[PATCH] drm/amdkfd: Add metadata ring buffer for compute

Alex Deucher Tue, 16 Dec 2025 13:04:24 -0800

From: David Yat Sin <[email protected]>

Add support for separate ring-buffer for metadata packets when using
compute queues. Userspace application allocate the metadata ring-buffer
and the queue ring-buffer with a single allocation.
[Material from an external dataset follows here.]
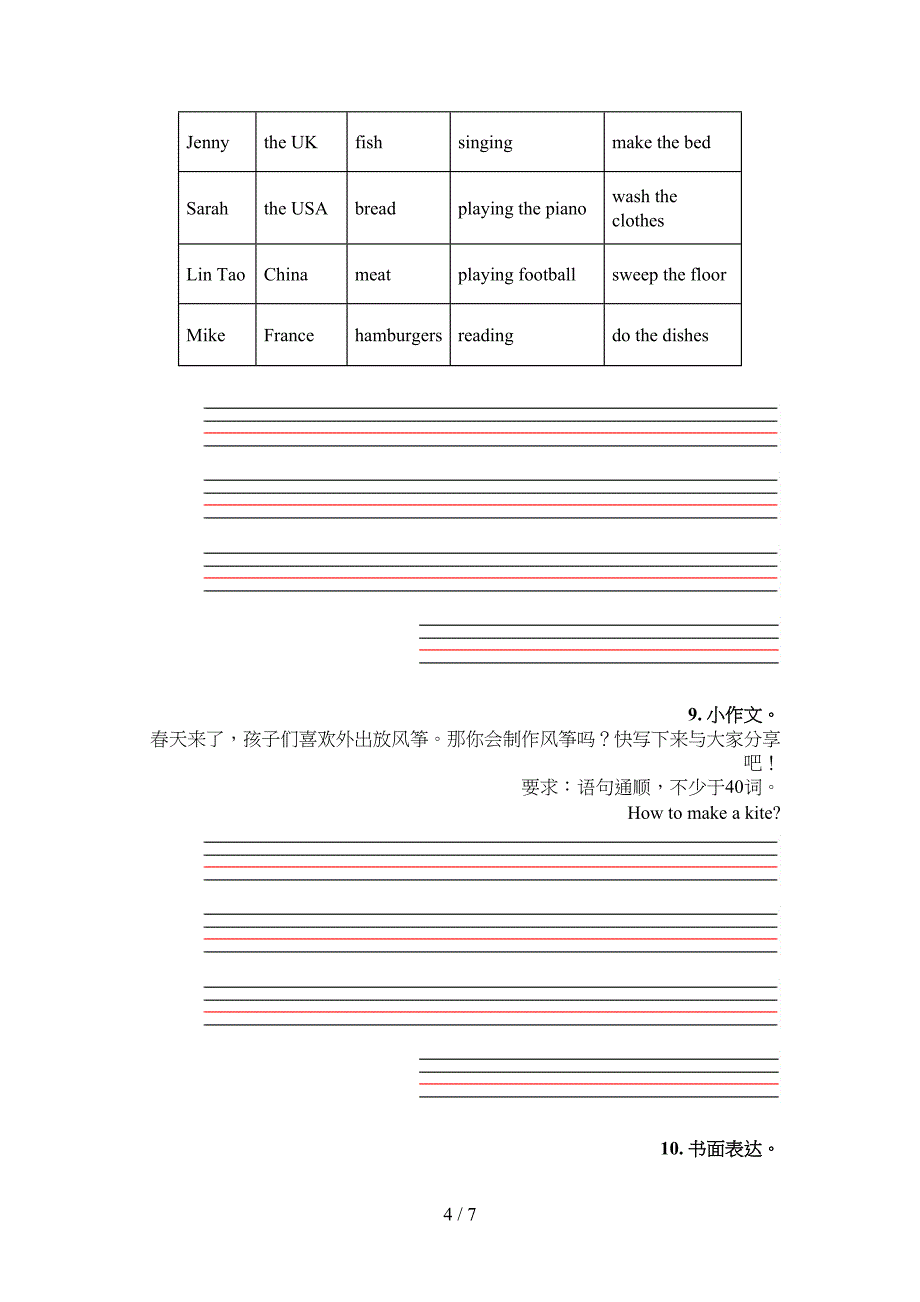 五年级人教版英语下册短文写作摸底专项练习题_第4页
The metadata
ring-buffer starts after the queue ring-buffer.


Signed-off-by: David Yat Sin <[email protected]>
Reviewed-by: Philip Yang <[email protected]>
Signed-off-by: Alex Deucher <[email protected]>
---
 drivers/gpu/drm/amd/amdkfd/kfd_chardev.c      |  8 +++++++
 .../drm/amd/amdkfd/kfd_mqd_manager_v12_1.c    | 21 +++++++++++++++++++
 drivers/gpu/drm/amd/amdkfd/kfd_priv.h         |  3 ++-
 drivers/gpu/drm/amd/amdkfd/kfd_queue.c        |  7 +++++--
 include/uapi/linux/kfd_ioctl.h                |  5 +++--
 5 files changed, 39 insertions(+), 5 deletions(-)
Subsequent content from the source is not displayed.